# I got some new feathered friends



## zooeysmom (Jan 3, 2014)

Congrats on your cute new friends  What a happy little flock of budgies


----------



## Skylar (Jul 29, 2016)

They are beautiful.


----------



## Asta's Mom (Aug 20, 2014)

Love your new birds - so cute.


----------



## Viking Queen (Nov 12, 2014)

Congratulations on your new little buddies.

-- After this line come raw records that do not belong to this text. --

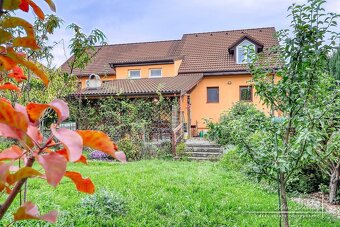 5-izbový rodinný dom s dvomi garážami v obci Špačince - 13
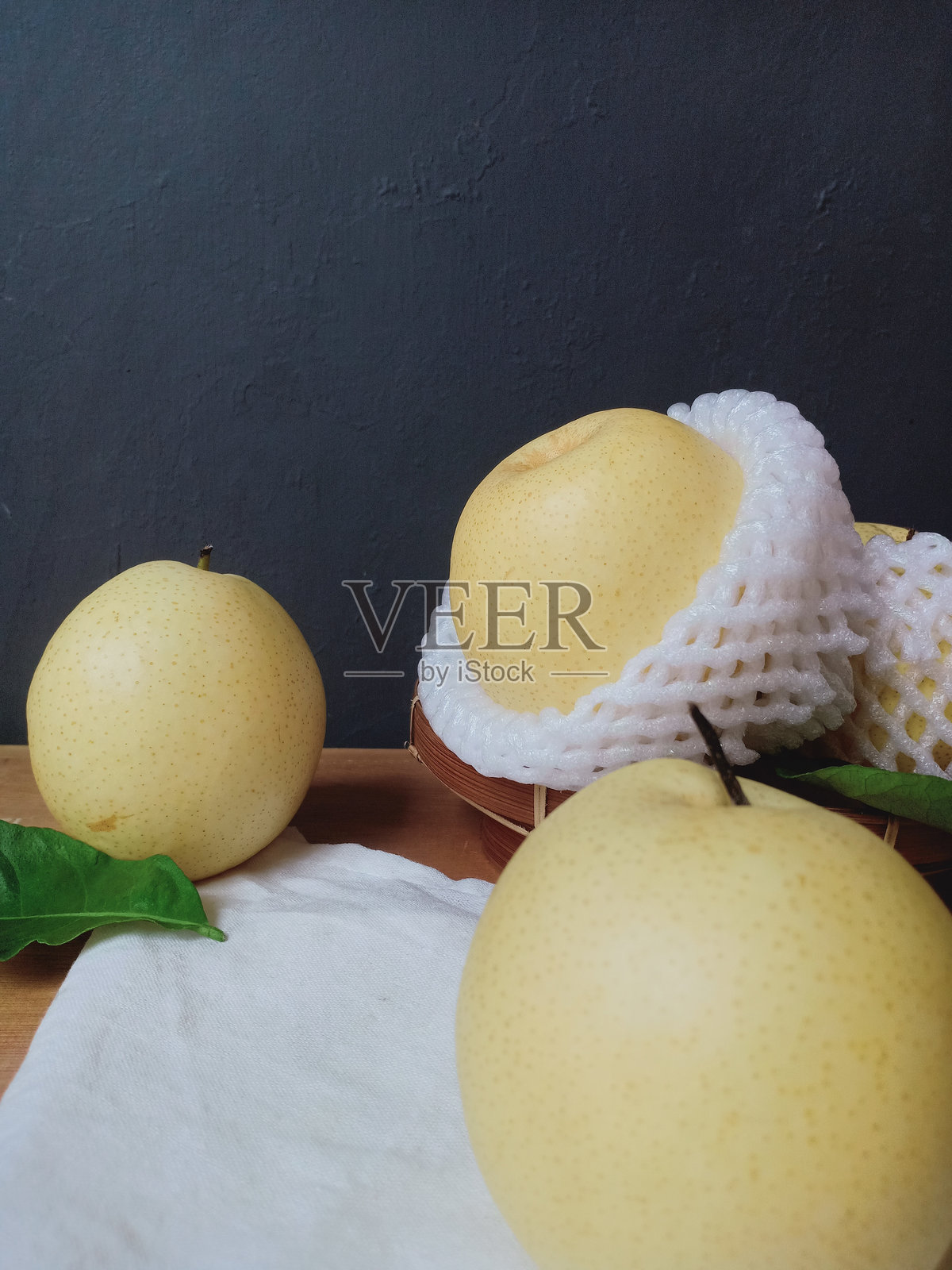 新鲜梨子的特写，放在木桌上照片摄影图片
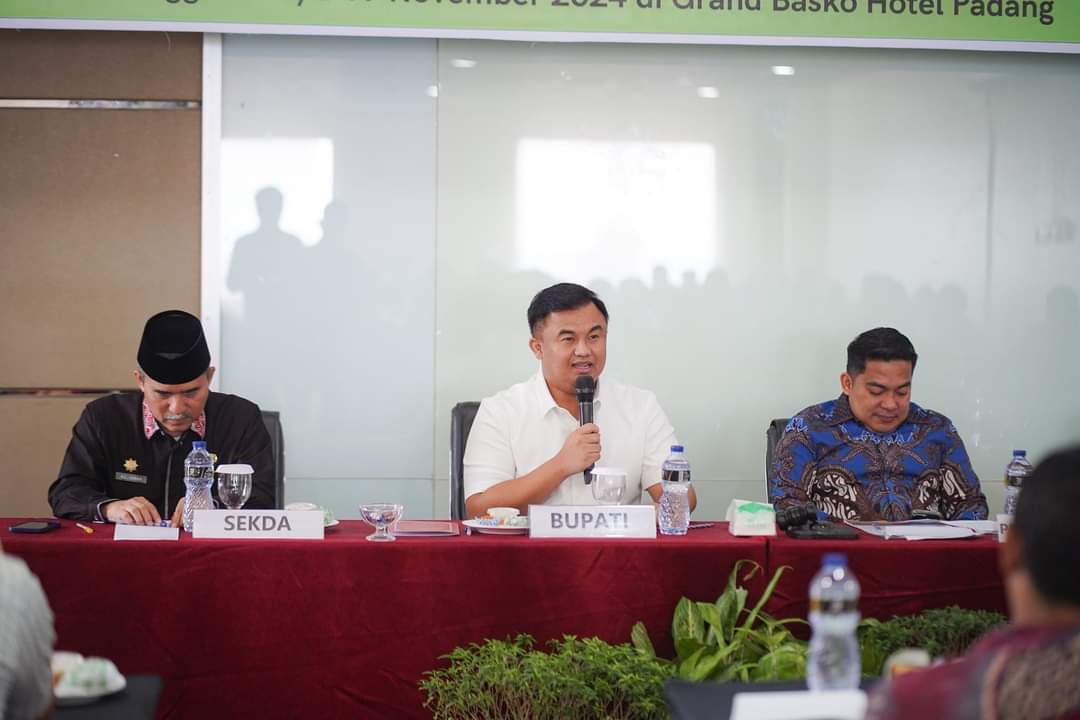 DPRD dan Pemkab Dharmasraya Bahas APBD 2025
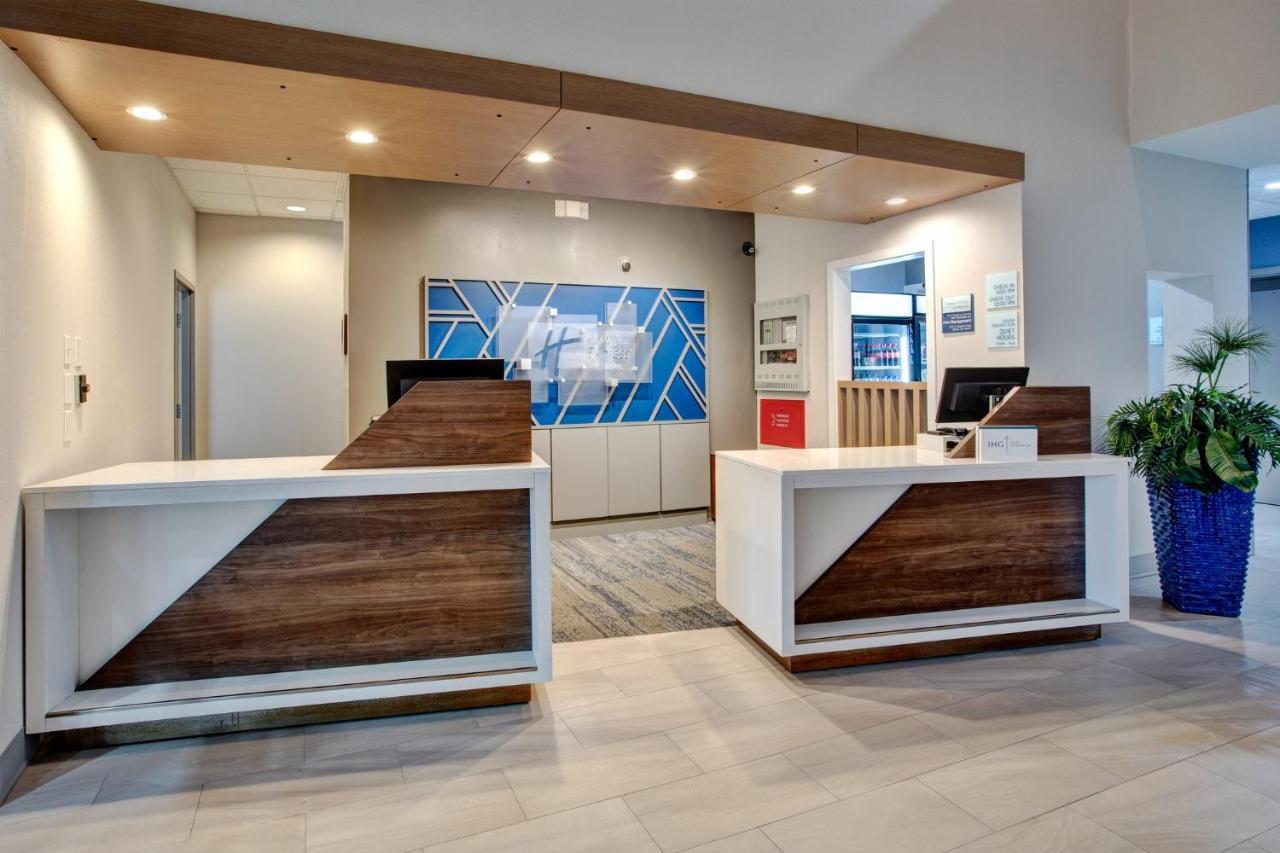 Holiday Inn Express Hotel & Suites Dover By Ihg Zewnętrze zdjęcie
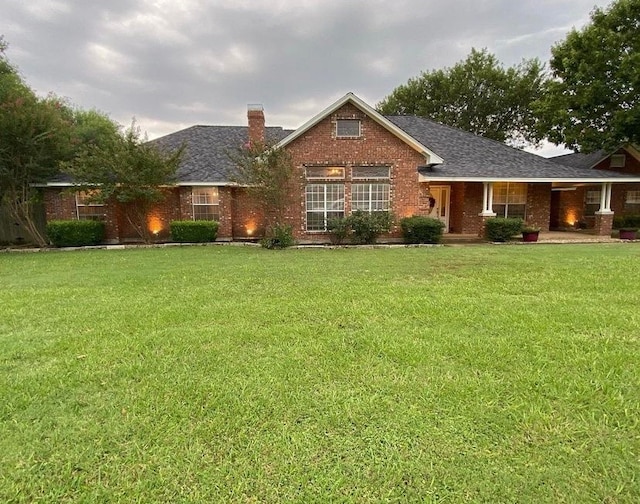 view of front of house with a front lawn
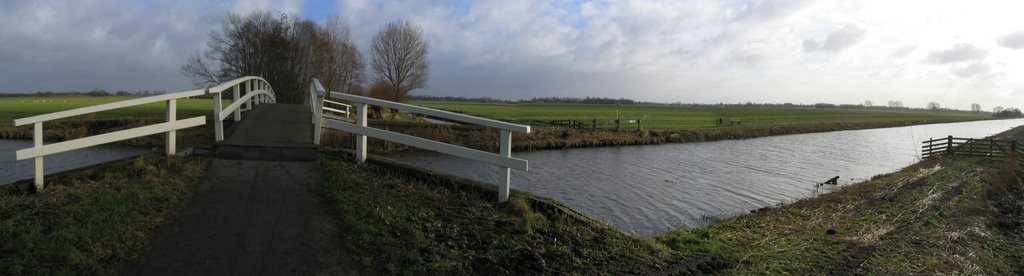 Brug in Heideweg over de Peursumse Vliet - Wandeling Rondom de Giessen - http://wandelen.filternet.nl/Dagwandelingen/rondom_de_giessen.htm by A3jaan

I used to have budgies and find them to be personable, cheerful and lovely little pals!

VQ


----------



## Dechi (Aug 22, 2015)

Nice budgies ! I love their cage, it's nice and big and filled just right ! You don't see nice cages like that a lot for budgies, and it's a shame.


----------



## MollyMuiMa (Oct 13, 2012)

I love Keets! Your little Mr Green is still a baby......he hasn't lost his head stripes yet!
Although keets are really easy hand tame when young, I used to pull pin feathered babies and hand feed them with a syringe til weaned, and those babies would never bite, they were so tame! Great little birds!


----------



## twyla (Apr 28, 2010)

I love the new babies, I do try to have a decent set up for the keets and my tiels.

I do love this cage it's easy to clean and maintain. 

I have mixed it up color wise a bit too, usually I only have a pair a green and a double spangle (yellow with black eyes)

Both Reggie and Mr. Green are olive greens
Jughead and Bandy are green pieds ( green with yellow patches)
Amarillo is a recessive green pied (yellow with green patches)
Vanilla is a recessive blue pied (white with blue patches)


----------